Bosch Group currently owns 33,790,880 Ordinary Shares, representing approximately 17.4% of Ceres' existing issued ordinary share capital. Following the Sale, the Bosch Group will own 27,396,115 Ordinary Shares representing approximately 14.1% of Ceres' existing issued Ordinary Share capital (the "Retained Shares").
The Retained Shares held by the Bosch Group following the Sale will be subject to a lock-up which ends 60 days following completion of the Sale (subject to waiver by Deutsche Bank Aktiengesellschaft (which is trading for these purposes as 'Deutsche Numis') ("Deutsche Numis")).
Ceres will not receive any proceeds from the Sale.
Contacts / Enquiries
Robert Bosch GmbH
Joern Ebberg +49 711 811 26223
Deutsche Numis 020 7260 1000
Mark Hankinson
William Baunton
Philipp Leising
Derek Shakespeare
Michael Stocker
Important Notice:
'Deutsche Numis' is a trading name used by certain investment banking businesses of Deutsche Bank AG and Numis Securities Limited in the United Kingdom and Ireland. Numis Securities Limited is a member of the group of companies controlled by Deutsche Bank AG. Deutsche Bank AG is a stock corporation (Aktiengesellschaft) incorporated under the laws of the Federal Republic of Germany with its principal office in Frankfurt am Main. It is registered with the local district court (Amtsgericht) in Frankfurt am Main under No HRB 30000 and licensed to carry on banking business and to provide financial services. It is subject to supervision by the European Central Bank (ECB), Sonnemannstrasse 22, 60314 Frankfurt am Main, Germany, and the German Federal Financial Supervisory Authority (Bundesanstalt für Finanzdienstleistungsaufsicht or BaFin), Graurheindorfer Strasse 108, 53117 Bonn and Marie-Curie-Strasse 24-28, 60439 Frankfurt am Main, Germany.

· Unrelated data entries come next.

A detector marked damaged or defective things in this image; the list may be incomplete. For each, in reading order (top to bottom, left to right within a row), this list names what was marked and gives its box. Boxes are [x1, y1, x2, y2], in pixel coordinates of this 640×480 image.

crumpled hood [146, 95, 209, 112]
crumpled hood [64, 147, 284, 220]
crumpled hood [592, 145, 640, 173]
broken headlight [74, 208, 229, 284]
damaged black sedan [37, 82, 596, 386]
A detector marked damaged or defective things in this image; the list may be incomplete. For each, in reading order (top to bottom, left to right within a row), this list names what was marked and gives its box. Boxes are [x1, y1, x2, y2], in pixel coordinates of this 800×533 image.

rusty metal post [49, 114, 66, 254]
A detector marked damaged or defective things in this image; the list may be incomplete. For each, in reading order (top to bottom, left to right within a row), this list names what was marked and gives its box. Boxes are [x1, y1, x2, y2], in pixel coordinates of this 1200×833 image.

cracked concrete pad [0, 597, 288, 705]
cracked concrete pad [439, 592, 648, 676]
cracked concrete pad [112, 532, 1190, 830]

Deutsche Bank AG is acting exclusively for the Bosch Group and no one else in connection with the Sale, the content of this Announcement and any other matter described in this Announcement. Deutsche Bank AG will not regard any other person as its client in relation to the Sale, the content of this Announcement and other matters described in this Announcement and will not be responsible to anyone other than the Bosch Group for providing the protections offered to the clients of Deutsche Bank AG or for providing advice to any other person in relation to the Sale, the content of this Announcement or any other matters referred to in this Announcement. Any other person in receipt of this Announcement should seek their own independent legal, investment and tax advice as they see fit.

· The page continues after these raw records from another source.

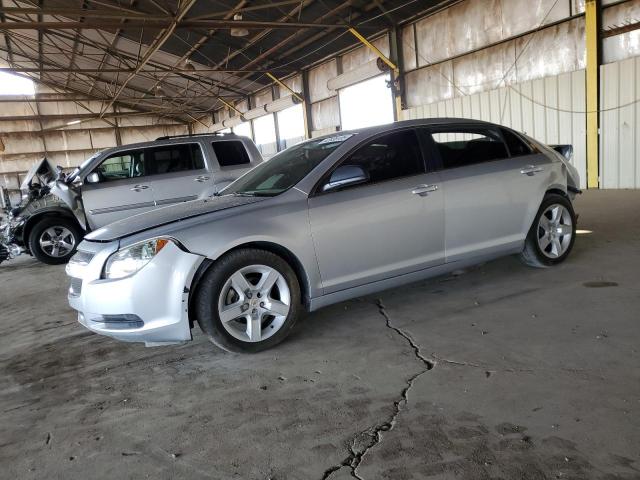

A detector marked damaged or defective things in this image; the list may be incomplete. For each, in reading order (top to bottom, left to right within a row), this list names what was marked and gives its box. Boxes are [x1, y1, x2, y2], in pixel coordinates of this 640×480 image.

crumpled car hood [85, 193, 264, 242]
damaged front bumper [65, 239, 205, 344]
cracked concrete [1, 189, 640, 478]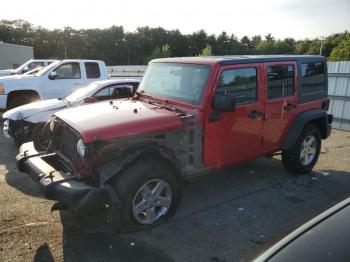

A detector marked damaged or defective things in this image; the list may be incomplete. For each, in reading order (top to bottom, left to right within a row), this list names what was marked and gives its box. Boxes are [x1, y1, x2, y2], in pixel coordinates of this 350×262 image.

crumpled hood [3, 99, 68, 120]
crumpled hood [54, 99, 182, 142]
front end damage [16, 141, 120, 213]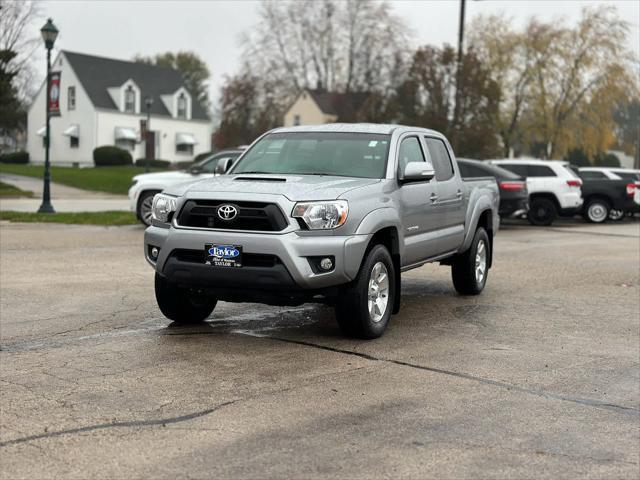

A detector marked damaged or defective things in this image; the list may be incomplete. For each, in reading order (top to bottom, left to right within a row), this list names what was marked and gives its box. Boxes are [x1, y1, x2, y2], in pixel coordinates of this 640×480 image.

pavement crack [250, 336, 640, 418]
pavement crack [0, 398, 238, 446]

This announcement is not for publication or distribution in or into the United States of America. This announcement is not an offer of securities for sale into the United States. The securities referred to herein have not been and will not be registered under the U.S. Securities Act of 1933, as amended, and may not be offered or sold in the United States, except pursuant to an applicable exemption from registration. No public offering of securities is being made in the United States.